• EXERCISE DATA:
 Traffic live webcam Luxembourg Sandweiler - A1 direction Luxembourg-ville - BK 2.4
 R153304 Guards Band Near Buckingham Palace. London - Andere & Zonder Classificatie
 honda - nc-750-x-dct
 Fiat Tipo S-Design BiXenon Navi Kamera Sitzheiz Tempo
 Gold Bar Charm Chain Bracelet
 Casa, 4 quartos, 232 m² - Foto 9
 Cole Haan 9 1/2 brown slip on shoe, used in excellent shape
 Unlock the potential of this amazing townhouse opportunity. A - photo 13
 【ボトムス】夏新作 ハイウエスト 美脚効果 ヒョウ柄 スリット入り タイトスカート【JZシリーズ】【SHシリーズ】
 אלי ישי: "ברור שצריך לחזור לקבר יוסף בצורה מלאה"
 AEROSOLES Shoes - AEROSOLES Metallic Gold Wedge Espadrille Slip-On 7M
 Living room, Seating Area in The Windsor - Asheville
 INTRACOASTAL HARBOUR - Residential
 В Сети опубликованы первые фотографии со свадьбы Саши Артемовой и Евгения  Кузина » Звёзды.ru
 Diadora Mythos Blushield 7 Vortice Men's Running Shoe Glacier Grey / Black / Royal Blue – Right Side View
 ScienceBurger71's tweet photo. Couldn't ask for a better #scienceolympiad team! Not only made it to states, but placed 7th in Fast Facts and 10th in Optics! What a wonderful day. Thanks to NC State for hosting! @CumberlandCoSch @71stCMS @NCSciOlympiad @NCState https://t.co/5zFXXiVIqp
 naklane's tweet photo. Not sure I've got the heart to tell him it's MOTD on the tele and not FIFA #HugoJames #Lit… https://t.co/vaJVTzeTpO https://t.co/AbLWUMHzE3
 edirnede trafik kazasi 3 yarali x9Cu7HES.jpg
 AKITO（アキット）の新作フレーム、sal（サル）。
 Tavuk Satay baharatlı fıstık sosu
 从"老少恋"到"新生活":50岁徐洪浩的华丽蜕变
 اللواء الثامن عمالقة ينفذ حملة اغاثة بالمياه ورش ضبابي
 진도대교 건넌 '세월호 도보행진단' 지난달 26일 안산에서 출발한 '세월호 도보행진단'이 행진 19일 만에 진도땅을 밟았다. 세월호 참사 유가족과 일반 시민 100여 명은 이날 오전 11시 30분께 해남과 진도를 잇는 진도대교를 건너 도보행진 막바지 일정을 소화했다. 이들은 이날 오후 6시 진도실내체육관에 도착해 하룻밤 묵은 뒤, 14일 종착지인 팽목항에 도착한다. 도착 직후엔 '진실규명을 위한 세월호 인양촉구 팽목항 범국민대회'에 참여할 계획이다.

• PROBLEM DESCRIPTION: Nothing but the lines above from the one containing "ヒョウ柄 スリット入り タイトスカート【JZシリーズ】【SHシリーズ】" through the one containing "INTRACOASTAL HARBOUR - Residential" should appear in the answer, each repeated exactly.

• EXPECTED ANSWER:
 【ボトムス】夏新作 ハイウエスト 美脚効果 ヒョウ柄 スリット入り タイトスカート【JZシリーズ】【SHシリーズ】
 אלי ישי: "ברור שצריך לחזור לקבר יוסף בצורה מלאה"
 AEROSOLES Shoes - AEROSOLES Metallic Gold Wedge Espadrille Slip-On 7M
 Living room, Seating Area in The Windsor - Asheville
 INTRACOASTAL HARBOUR - Residential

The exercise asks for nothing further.